Still, the fact that others would be left out of the process was troubling, Palazzola said.
“It’s a piece of paper, but to take that away from gay people is wrong,” she said. “I think it’s morally wrong, and I just think God would accept any marriage as long as it’s to do with love.”
Proponents of Proposition 8 were heartened by the court’s ruling, which they said protected the sanctity of marriage and synced-up with the will of citizens.
There are other options for same-sex couples wanting to spend their lives together, said Pastor Jon Barta of Valley Baptist Church in Burbank, pointing to domestic partnerships for gay couples.

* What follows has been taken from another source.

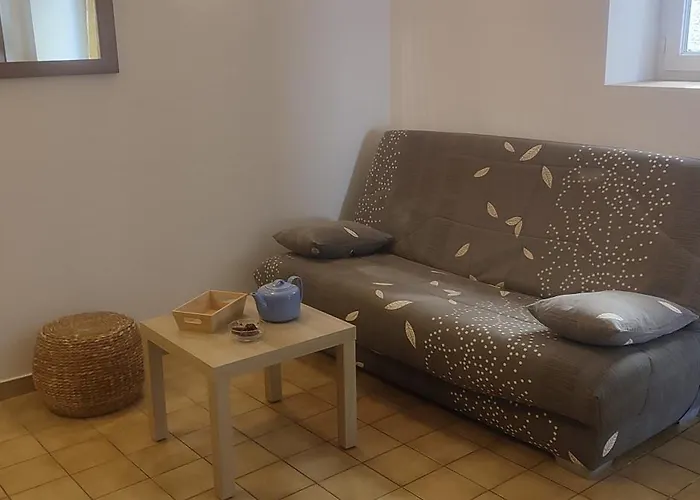 Les Bancs D'Autrefois, Maison Climatisee Avec Wifi Au Centre De Ruoms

“It’s not like there’s absolutely no provision for homosexual couples,” Barta said. “For me, what it looks like is they want to redefine marriage, and I don’t think that’s appropriate.”
The continuing controversy over same-sex unions prompted anticipation from both sides that the issue would face voters again in upcoming elections.
“Frankly, I don’t believe it is over,” said La Crescenta resident Robin Johnson, who has spoken at the Crescenta Valley Town Council in opposition to gay marriage.
Pastor John Jackson of Glendale’s Church of the Brethren, who supports “loving covenants” regardless of sexual orientation, hoped the law would gain clarity in the future.
“That ruling to me seems somewhat convoluted,” Jackson said. “If they’re going to allow it, then they need to allow it. It seems like a halfway measure to me.”